1. Over the past few weeks, as a meat crisis has seemed more and more likely, fast food restaurants have begun increasing their prices. McDonald's is reconsidering the items on its dollar menu, Hardee's has changed the options in its 2-for-$3 promotion from burgers to hot dogs, and even upscale Chipotle's is planning a price increase.

"My take? - A good reason to quit buying fatburgers and eat healthy for a change"

2. Oil Prices Sink Despite OPEC Decision, the price for a gallon of gasoline fell below year-ago levels for the first time in 2008, even as OPEC announced a huge production cut in an attempt to halt the declines.
Crude prices have now fallen 56 percent from the highs reached in July, and more than $41 per barrel in just the last 30 days.
OPEC said at an emergency meeting Friday that it will slash oil production by 1.5 million barrels to stem the "dramatic collapse" of oil prices, but crude prices plunged 5 percent anyway as financial markets spiraled downward across the globe.
Crude for December delivery fell $3.24 to $64.60 a barrel on the New York Mercantile Exchange. Prices had fallen as low as $62.85 earlier in the day.
The failure of a big production cut by the Organization of Petroleum Exporting Countries to stem the slide in crude prices only cemented sentiments on the oil market.
A report released Friday by the U.S. Department of Transportation that showed the largest monthly decline in miles driven in 66 years.
Americans drove 5.6 percent less, or 15 billion fewer miles, in August 2008 compared with August 2007 — the biggest single monthly decline since the data was first collected regularly in 1942.
Americans have drastically altered driving habits, if they are driving at all, amid a severe economic downturn.
From November through August, Americans drove 78.1 billion fewer miles than they did over the same 10-month period a year earlier. The decline is most evident in rural interstate travel where travel is down more than 4 percent compared with a 2 percent decline in urban miles traveled.

"My take? - Cut production and raise prices, that'll help with the cost of transporting products and spiraling prices of consumer goods in these hard economic times,,, yea right!"

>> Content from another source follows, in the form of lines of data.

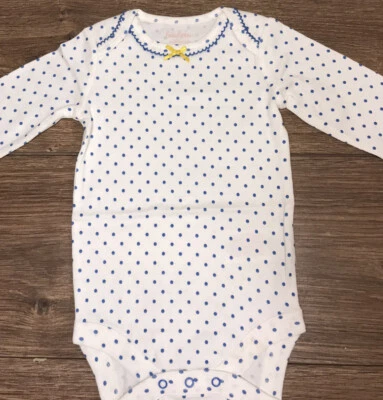 Baby Boden White & Blue Dots Cotton Long Sleeve Bodysuit Newborn up to 18-24
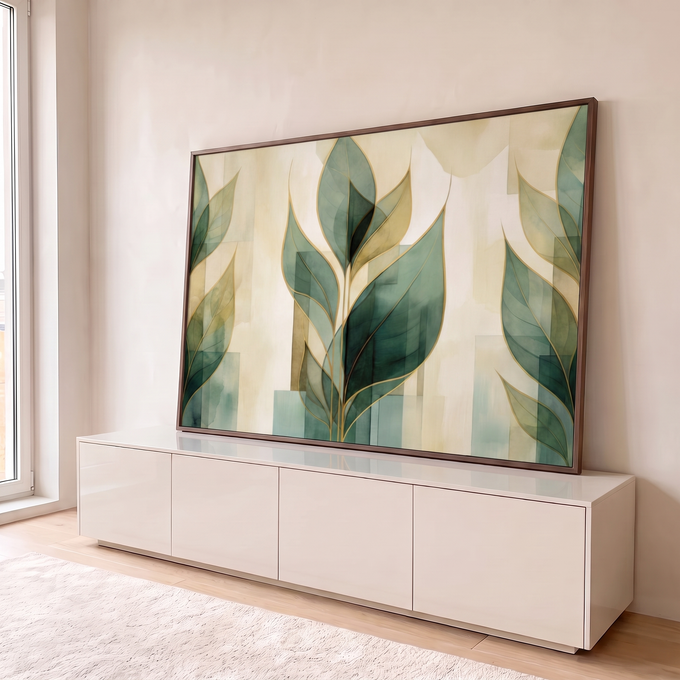 Quadro Decorativo Grande Folhas Verdes para Sala Verde | quadros decorativos para sala | folhas estilizadas verdes com contorno dourado sobre fundo bege geométrico | em Quadros para Sala | Porao dos Quadros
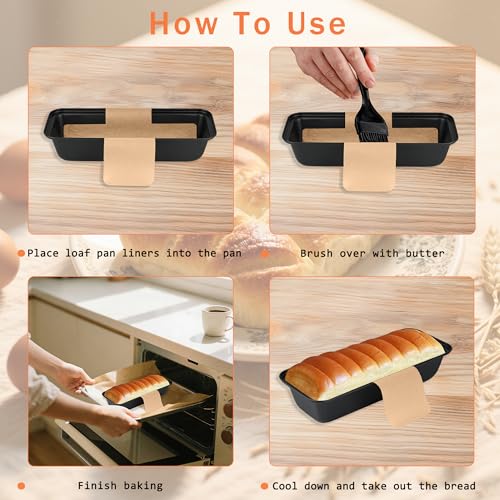 100 Pcs 13x5 in Loaf Pan Liners for Baking Bread Pan Parchment Paper (13.4*5.12 inch)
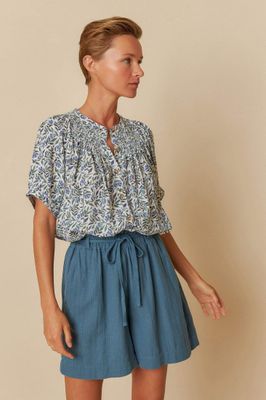 Indi &amp; Cold Watercolour Flower Shirt - Indigo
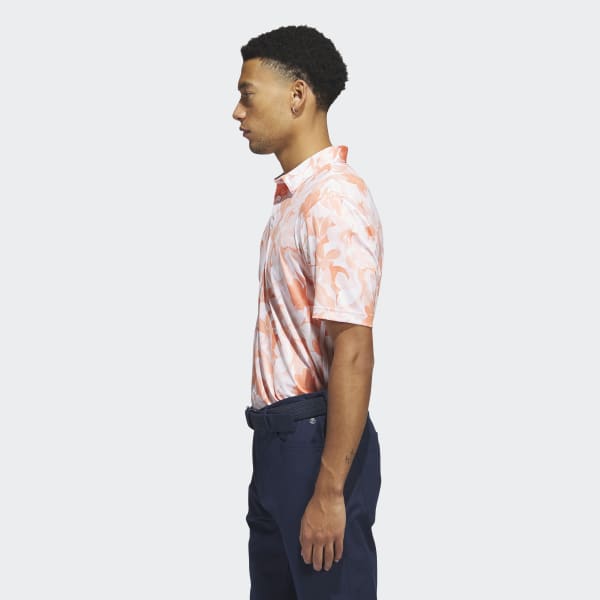Orange Floral Polo Shirt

3. The Washington Post recently ran a three-part series that calls into question one of the primary tools used in our "War on Terror", the new U.S. Passport. According to the W.P., U.S. passports are printed and assembled overseas in countries with highly questionable security and sold to us at a 600% markup.
The Government Printing Office (GPO), the government agency that handles most government printing needs, decided to outsource insertion of computer chip and radio-frequency i.d. technology into the newly redesigned passports, and fought the suggestion to limit bidders to domestic companies. The winning company, based in the Netherlands, now receives the passport blanks from the GPO, adds the computer chip, then ships them off to Thailand where the RFID antennas are added. Remember Thailand? Land of government instability nestled in the crook between India, Russia and China?
The new technology allows border guards to scan the passport and wirelessly access information encoded in the computer chip. Producing these new passports costs the GPO $7.97, which it marks up to $15 to sell to the State Department. The State Department then marks them up to $100 to sell to us.
How could the GPO think that Americans would stand for such a compromise to their security? Aren't there ANY American companies that can handle these? And why does our government charge us a markup of over 600% for an essential document?
If we care so little about the security of our passports, why not simply let Wal-Mart handle our passport business? I bet they could get the cost down to $9.99, or two for $15.

"My take? - Our smarter than ever government hard at work as usual, screwing us every chance they get, we have to get these money grubbing old school republicans out of office and get someone in there for the people, not overpaid old farts that just care about stuffing their own pockets."

My take on outsourcing? The current government seems to think that outsourcing will bring third-world countries up to our economic level when what it's doing is pulling "us" down to theirs.